В то время у директора школы, женатого человека, отца четырех детей, случился роман с одной учительницей, тоже замужней. Их связь получила огласку и вызвала возмущение. Среди родителей пошли разговоры: стоило ли отдавать детей в католическую школу, чтобы им подавала пример парочка развратников? Административный совет решил вмешаться. Собрание состоялось у Люка, в самом начале летних каникул. Постановили потребовать отставки провинившегося директора и ходатайствовать перед епархиальным руководством о назначении на его должность учительницы с безупречной репутацией. Во избежание скандала уладить все следовало до начала учебного года, что, собственно, и было сделано. А вот насчет того, что говорилось на том собрании, свидетельства участников расходятся. Люк и все остальные утверждают, что решение было принято единогласно, то есть Жан-Клод разделял общее мнение. Он же возражает: нет, он был против, обстановка накалилась, они расстались чуть ли не врагами. Он особо подчеркивает тот факт, что подобное поведение на него не похоже: для него куда проще и естественнее было бы присоединиться к мнению друзей.

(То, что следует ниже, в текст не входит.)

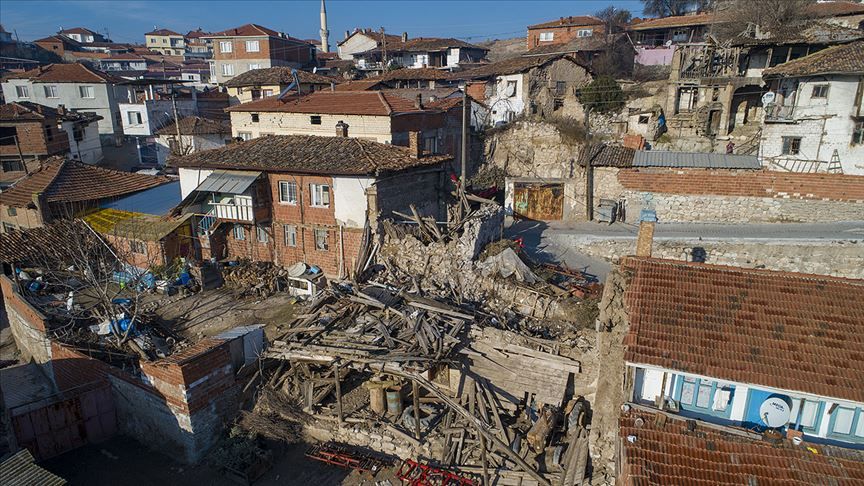 Ankara ve Manisa'daki depremler sonrası hasar tespit çalışması başlatıldı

Поскольку нет никаких оснований думать, что друзья солгали, мне представляется, что он действительно выразил несогласие, но так неуверенно, что этого не только не вспомнили потом, но и не зафиксировали в тот момент. Можно сказать, не услышали, настолько привыкли, что он со всем соглашается, а сам он настолько не привык подавать голос, что помнит не реальное звучание своего выступления — наверно, пробормотал себе под нос невнятные слова протеста, — а возмущенный ропот, кипевший у него внутри, который он тщетно пытался озвучить. Ему показалось, что он услышал свой голос, со всем подобающим жаром высказавший то, что ему хотелось высказать, а не то, что услышали другие. А может, он ничего и не говорил вовсе, только хотел сказать, мечтал сказать, жалел, что не сказал, и в конце концов вообразил, что это было сказано. Вернувшись домой, он все рассказал жене — и о заговоре против директора, и о том, как он по-рыцарски за него заступился. Флоранс была женщиной строгих правил, но не ханжой и не любила, когда вмешивались в чужую личную жизнь. Ее тронуло, что муж, покладистый по натуре, измотанный болезнью, занятый куда более важными делами, готов скорее поступиться своим покоем, чем поддержать неправедное дело. И, когда в начале учебного года Флоранс обнаружила, что переворот совершился, директор разжалован в рядовые учителя, а его место заняла учительница, всегда раздражавшая ее бездушным фарисейством, она, с присущей ей энергией, возглавила крестовый поход в защиту гонимого, провела работу с матерями учеников и вскоре склонила на свою сторону часть родительского комитета. Демарш административного совета был опротестован. Родительский комитет и административный совет, до сих пор прекрасно ладившие между собой, стали враждующими лагерями, во главе которых стояли, соответственно, Флоранс Роман и Люк Ладмираль, друзья с юных лет, ставшие неожиданно врагами. Вся первая четверть была отравлена этой враждой.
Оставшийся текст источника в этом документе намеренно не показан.